Association results of CSF sTREM2 at chromosome 3 and in vitro functional validation using PBMC-derived macrophages. A Forest plots of effect size estimated by cohort for rs73823326. The effect allele is T for rs73823326. Heterogeneity P is 0.75 for rs73823326. B Violin plots of CSF sTREM2 Z-Score Residuals by genotypes of rs73823326. C UCSC genome browser visualization of Microglia and Neurons specific assay for transposase-accessible chromatin with sequencing (ATAC-seq), H3K27ac Chromatin immunoprecipitation followed by sequencing (ChiP-seq), H3K4me3 ChiP-seq and proximity ligation-assisted ChIP-Seq (PLAC-seq) loops at the chr 3 RBMS3 – TGFBR2 locus. Chromatin loops linking the promoter of TGFBR2 to active gene-regulatory region close to rs73823314 (LD r2=1 with rs73823326 and P=2.54 x 10-8) is specific in microglia. D Quantification of intracellular TGFBR2 (left panel), TREM2 (middle panel) and extracellular sTREM2 protein levels in PBMC-derived macrophages upon TGFBR2 overexpression. E Quantification of intracellular RBMS3 (left panel), TREM2 (middle panel) and extracellular sTREM2 protein levels in PBMC-derived macrophages upon RBMS3 overexpression. n = 15 from 4 independent experiments. F Quantification of intracellular TGFBR2 (left panel), TREM2 (middle panel) and extracellular sTREM2 (right panel) protein levels in PBMC-derived macrophages upon TGFBR2 knockdown. n = 9 from 3 independent experiments. ns: not significant, ** p < 0.01, **** p < 0.0001. Results are shown in mean ± SEM

Among the four genome-wide significant variants, two variants (rs73823314 and rs73823316) were in a regulatory region that binds transcription factor (TF) based on the Ensemble variant effect predictor (VEP) annotation. In order to identify the potential functional variant and gene, we examined brain cell type-specific enhancer-promoter interactome maps [34]. We found high peak of epigenetic markers for TGFBR2, consistently measured with ATAC-Seq, H3K27ac, and H3K4me3 (Fig. 4C). These epigenetic markers were only observed in microglia, indicating that TGFBR2 is actively regulated in microglia. More importantly, we identified microglia-specific dense chromatin loops that connect the regulatory variant rs73823314 (LD with rs73823326, R2=1.0) to the promoter of TGFBR2. All this evidence suggests that TGFBR2 is the most likely functional gene that affects CSF sTREM2 levels.

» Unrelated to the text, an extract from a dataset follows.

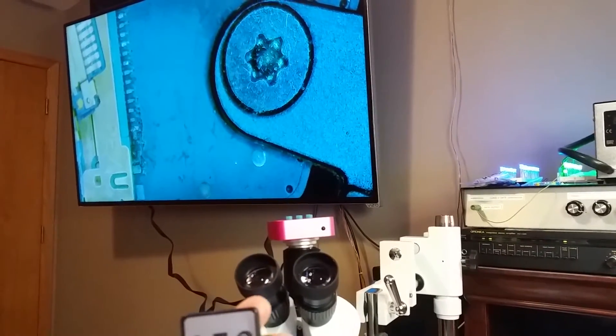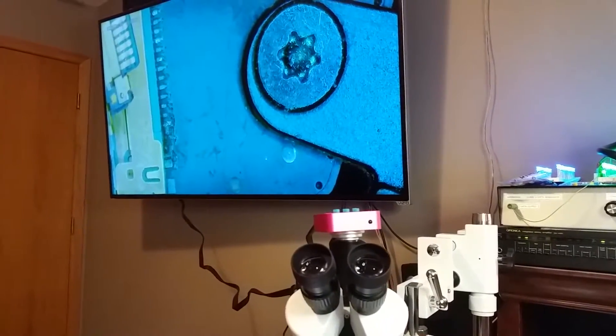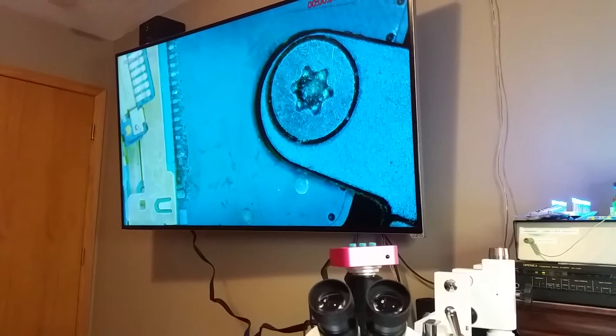I'm going to go ahead and record some video. Let's see if I can find the right button here. It looks like it's recording. I'm going to go ahead and save that to the SD card and play that at the end of the video.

In order to functionally validate these findings, we used human peripheral blood mononuclear cell (PBMC)-derived macrophages as a proxy for microglia (Fig. S7A). To modulate the expression level of these genes within the locus, we used lentivirus-mediated overexpression of TGFBR2 and RBMS3. We first confirmed that lentivirus-mediated overexpression increased the protein levels of TGFBR2 (~2.2-fold, P=0.006) and RBMS3 (~4.5-fold, P<0.0001) as compared to control lentivirus transduced cells (Fig. 4D and 4F left panels; Fig. S7B). Upon TGFBR2 overexpression, we did not find significant changes of intracellular TREM2 (~8% increase; P=0.652; Fig. 4D middle panel, Fig. S7C). On the other, hand we found a significant increase in extracellular sTREM2 levels upon TGFBR2 overexpression (~16% increase, P=0.008; Fig. 4D right panel). We performed the same analysis for RBMS3 overexpressing cells, but did not observe significant changes in intracellular or extracellular sTREM2 levels (Fig. 4F right panel).

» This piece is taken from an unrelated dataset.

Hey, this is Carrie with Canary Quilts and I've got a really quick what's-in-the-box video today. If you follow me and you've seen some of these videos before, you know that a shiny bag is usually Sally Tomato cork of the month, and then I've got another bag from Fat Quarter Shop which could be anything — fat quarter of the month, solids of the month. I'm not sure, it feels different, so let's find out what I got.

To further validate the possible role of TGFBR2 as a modulator of sTREM2, we used lentivirus-mediated knock-down to reduce the level of TGFBR2 (Fig. 4E left panel, Fig. S7D and S7E). After confirming a successful silencing of TGFBR2 by using two independent shRNAs (shTGFBR2_B: ~42% decrease, P<0.0001; shTGFBR2_D: ~57% decrease, P=0.001), we saw a trend in lower intracellular TREM2 levels, although it did not reach statistical significance (shTGFBR2_B: ~16% decrease, P=0.05; shTGFBR2_D: ~19% decrease, P=0.09; Fig. 4E middle panel, Fig. S7F). On the other hand, silencing of TGFBR2 led to a significant reduction in extracellular sTREM2 levels (shTGFBR2_B: ~11% decrease, P=0.007; shTGFBR2_D: ~13% decrease, P=0.007; Fig. 4E right panel, Fig. S7G). Taken together, these data strongly support that TGFBR2, not RBMS3, is the functional gene in this locus modulating sTREM2 levels.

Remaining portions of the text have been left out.